KOTA CIREBON, SUARA LINTAS. COM
– Masyarakat Kampung Lebak Ngok, RW 11, Kampung Benda, Kelurahan Argasunya, Kecamatan Harjamukti, Kota Cirebon, mendesak pemerintah dan pihak terkait untuk segera melakukan perbaikan Jembatan Lebak Ngok yang saat ini mengalami kerusakan parah akibat terjangan banjir Kali Benda, Sabtu (14/2/2026).
Kondisi jembatan yang semakin memprihatinkan tersebut dikhawatirkan dapat membahayakan keselamatan warga, khususnya para pelajar dan masyarakat yang setiap hari menggunakan akses tersebut sebagai jalur utama aktivitas.

Selain kerusakan jembatan, warga juga menyoroti kondisi tebing di pinggir Kali Benda yang mengalami erosi cukup serius. Tanah di sepanjang bantaran kali dilaporkan mulai longsor dan berpotensi menyebabkan kerusakan yang lebih luas apabila tidak segera ditangani.

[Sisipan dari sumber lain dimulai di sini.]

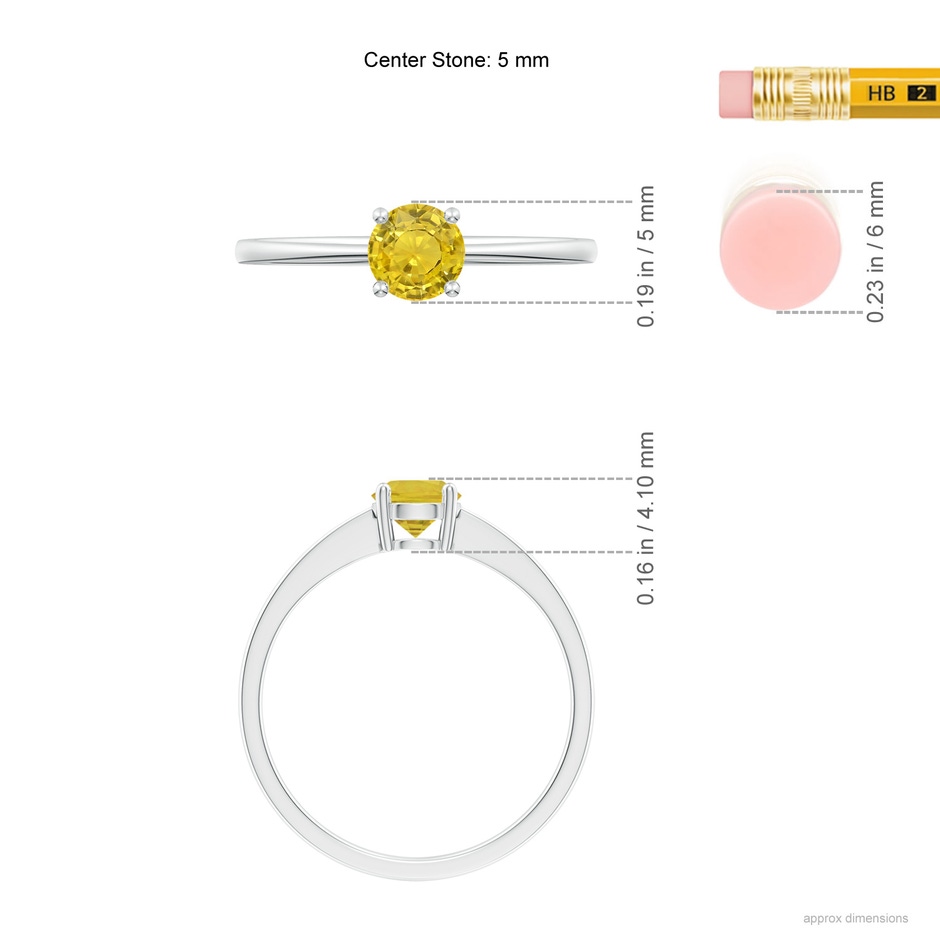 5mm AAA Reverse Tapered Shank Yellow Sapphire Solitaire Ring in White Gold ruler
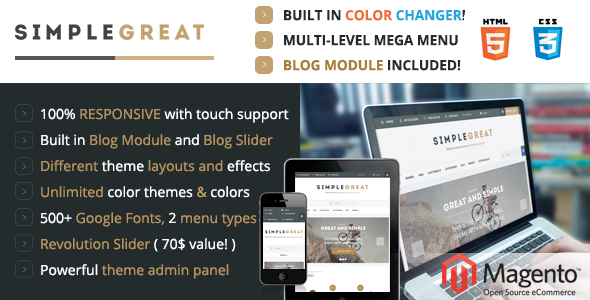 SimpleGreat - Premium Responsive Magento theme!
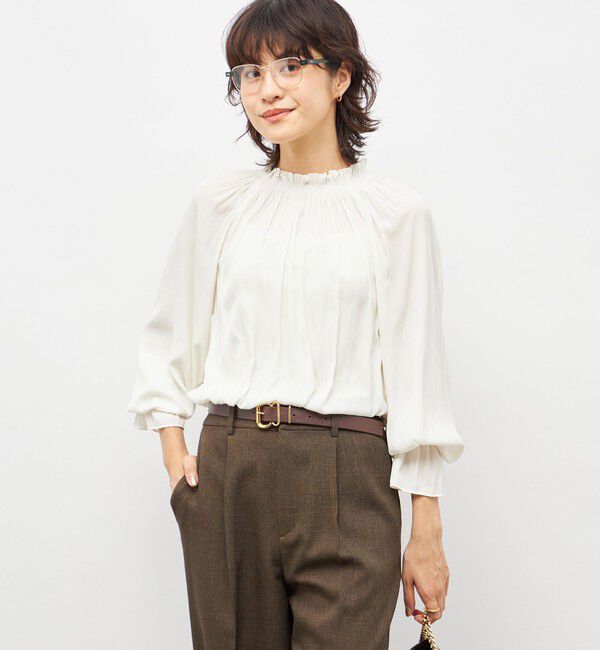 NOLLEY'S「ウォッシャブル2WAY割繊衿フリルブラウス」|シャツ・ブラウス|オフホワイト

Warga meminta Balai Besar Wilayah Sungai (BBWS) Cimanuk Cisanggarung untuk segera turun langsung meninjau lokasi di kawasan Kali Lebak Ngok Benda. Mereka berharap pihak BBWS dapat segera melakukan pemasangan bronjong atau penguatan tebing sungai secara tepat dan sesuai standar teknis guna mencegah longsor susulan akibat banjir.
“Kami sangat berharap BBWS Cimanuk Cisanggarung segera melakukan peninjauan dan memasang bronjong di titik-titik rawan longsor. Jika dibiarkan, kondisi ini bisa semakin parah dan membahayakan warga,” ujar salah satu warga setempat.

Menurut warga, wilayah Kali Benda masih berada dalam pengawasan BBWS Cimanuk Cisanggarung, sehingga penanganan teknis penguatan bantaran sungai menjadi kewenangan instansi tersebut.
Masyarakat berharap pemerintah pusat melalui BBWS Cimanuk Cisanggarung, serta pemerintah daerah Kota Cirebon, dapat segera mengambil langkah cepat dan konkret untuk memperbaiki jembatan serta memperkuat bantaran sungai demi mencegah terjadinya longsor dan menjaga keselamatan masyarakat sekitar.
Perbaikan infrastruktur dan pengamanan bantaran sungai dinilai sangat penting mengingat intensitas banjir yang kerap terjadi dan berpotensi menyebabkan kerusakan yang lebih parah apabila tidak segera ditangani secara serius dan berkelanjutan.